Columbia Metro Rotary Club

Foundation

The Rotary Foundation is a not-for-profit corporation that supports the efforts of Rotary International to achieve world understanding and peace through international humanitarian, educational, and cultural exchange programs. It is supported solely by voluntary contributions from Rotarians and friends of the Foundation who share its vision of a better world.

The Foundation was created in 1917 by Rotary International’s sixth president, Arch C. Klumph, as an endowment fund for Rotary “to do good in the world.” It has grown from an initial contribution of $26.50 only to more than $55 million. It is one of the largest and most prestigious international fellowship programs in the world.

Some of the programs supported by the Foundation include:

Ambassadorial Scholarships: The Foundation supports the largest non-governmental and most international scholarship program in the world. Scholars study in a country other than their own where they serve as unofficial ambassadors of goodwill. Since 1947, over 37,000 scholars from some 110 countries have received scholarships at a cost of almost $446 million.

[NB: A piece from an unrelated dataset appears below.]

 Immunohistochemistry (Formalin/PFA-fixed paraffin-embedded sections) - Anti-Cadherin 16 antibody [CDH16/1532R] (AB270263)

District Simplified Grants support the short-term service activities or humanitarian endeavors of districts in communities locally or internationally. This program began in 2003-2004 and, projects in 44 countries at a cost of $5.2 million were awarded.

Group Study Exchange (GSE): These annual awards are made to paired Rotary districts to provide travel expenses for a team of non-Rotarians from a variety of vocations. Rotarian hosts organize a four- to six-week itinerary of educational and cultural points of interest. Since 1965, almost 48,000 individuals in more than 11,000 teams from more than 100 countries have participated at a cost of $85 million.

Health, Hunger and Humanity (3-H) Grants fund large-scale, one- to three-year projects that enhance health, help alleviate hunger, or improve human development. Since 1978, projects in 74 countries have been funded at a cost of $74 million. 3-H program is recently in moratorium.

Individual Grants support the travel of individual Rotarians, spouses of Rotarians. Rotaractors , and qualified Foundation alumni who are planning or implementing service projects. This replaced Discovery Grants and Grants for Rotary Volunteers and began in 2003-2004. Program awards were $1.1 million.

Matching Grants provide matching funds for international service projects of Rotary clubs and districts. Since 1965, more than 20,000 Matching Grants projects in 166 countries have been funded at a cost of more than $198 million.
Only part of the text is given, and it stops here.